Morally bankrupt ideologies go through three stages before reaching their full offensive maturity in our political culture.
What begin as recognized evils become justifiable or necessary evils before at last transmuting into positive virtues that brook no argument.
Thus, in the early decades of the republic, slavery was widely acknowledged as a corrupting evil and an affront to the principles of individual rights as set forth in the Declaration of Independence; this was recognized by none more clearly than prominent slaveholders themselves (Washington, Jefferson). By the 1850s the defenders of slavery were braying that slavery was a divinely ordered institution and the bulwark of liberty itself ("the association of the white and black races in the relation of master and slave is the appointed order of God, as set forth in the Bible, and constitutes the best social condition of both races, and the only principle of true republicanism," declared a Southern clergyman in a widely circulated pamphlet published in 1851).
Likewise, there was no controversy for much of the 19th and early 20th centuries about the fact that large numbers of guns in the hands of urban saloon denizens, rowdies, wife beaters, and other assorted petty criminals and half-wits was a dangerous condition for civilized society. The NRA gun nuts evolved from saying "yes, but . . ." whenever a gun outrage or mass murder took place to their current uncompromising and sweeping assertion that guns are a positive good everywhere under every circumstance.
Accompanying this evolution to virtue is a portrayal of one's opponents as the true evil; abolitionists were cast as defying God's will and as moral hypocrites, even the mildest gun regulation proponents (those who dare to suggest that a license be required to carry a concealed weapon, or who want to keep schools and bars gun-free zones) are today denounced as un-American and enemies of liberty.

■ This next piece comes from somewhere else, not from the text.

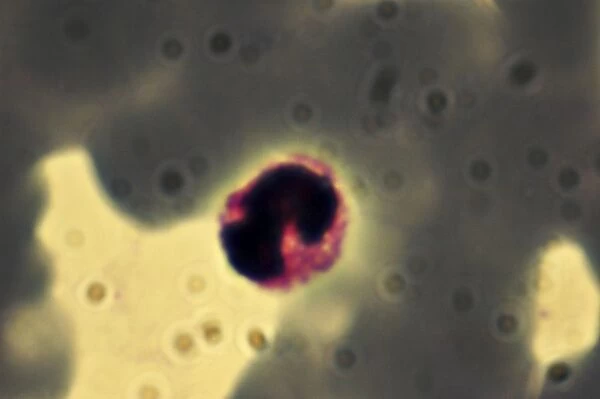 Light Micrograph: Plasmodium: a parasitic protozoa in blood; Magnification x 7, 500 (if print A4 size: 29. 7 cm wide)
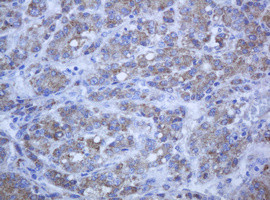 PCDH7 Antibody in Immunohistochemistry (Paraffin) (IHC (P))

The best way to maintain a morally reprehensible position, it turns out, is with absolute moral certainty.
So it used to be that even ardent defenders of capitalism admitted routinely that it has costs and takes a human toll; and, moreover, that not all ways of making money were good for society.
Good Republican Theodore Roosevelt spoke passionately about the evils of great concentration of wealth in a republican society and the economic toll taken by financial maneuvering and machinations that produce private gain with no corresponding public good. Even the most Darwinian turn-of-the-20th-century capitalist recognized that progress leaves a trail of destruction along the way, in jobs lost with the advent of new technology and innovation, in lives displaced, in savings destroyed.
To listen to the Latest GOP Frontrunners, apparently the defenders of capitalism have now completed the evolution to smug certainty. This was most despicably displayed by Newt's not very subtle race-baiting to a cheering white Southern audience in South Carolina the other day, in which he explained that the reason poor people are out of work and on food stamps is not because the economy went into a tailspin as a result of financial speculation in the loan industry, but because they lack a work ethic and proper respect for the wonders of capitalism. Capitalism can do no wrong today in GOPland.
Romney's defense of his great business success at Bain Capital—which made hundreds of millions for him and his fellow takeover artists by stripping assets and firing people—has followed similar lines; to criticize him for what even Rick Perry aptly termed "vulture capitalism," Romney angrily retorted, was to attack "free enterprise" itself.
Of course so much of the GOP hot air about "job creators" is really referring to the worst aspects of competitive capitalism; what is being labeled as job "creation" in such measures as lowering tax rates on capital gains and dividends, providing tax breaks for offshoring assets, undermining the National Labor Relations Board's power, racing to break unions and pass "right to work" laws, and doling out hundreds of millions of dollars in state money and tax breaks to lure industries is not creating jobs at all, nor fostering innovation that benefits the greater good, but merely stealing jobs from one state to another (along with a race to the bottom in worker protection and decent wages), encouraging financial maneuvers and the merging and acquiring of companies that eliminate jobs and competition, and diverting wages to profits.
I've quoted Herbert Hoover before, but it's worth repeating what he once said: "The only trouble with capitalism is capitalists. They're too damned greedy."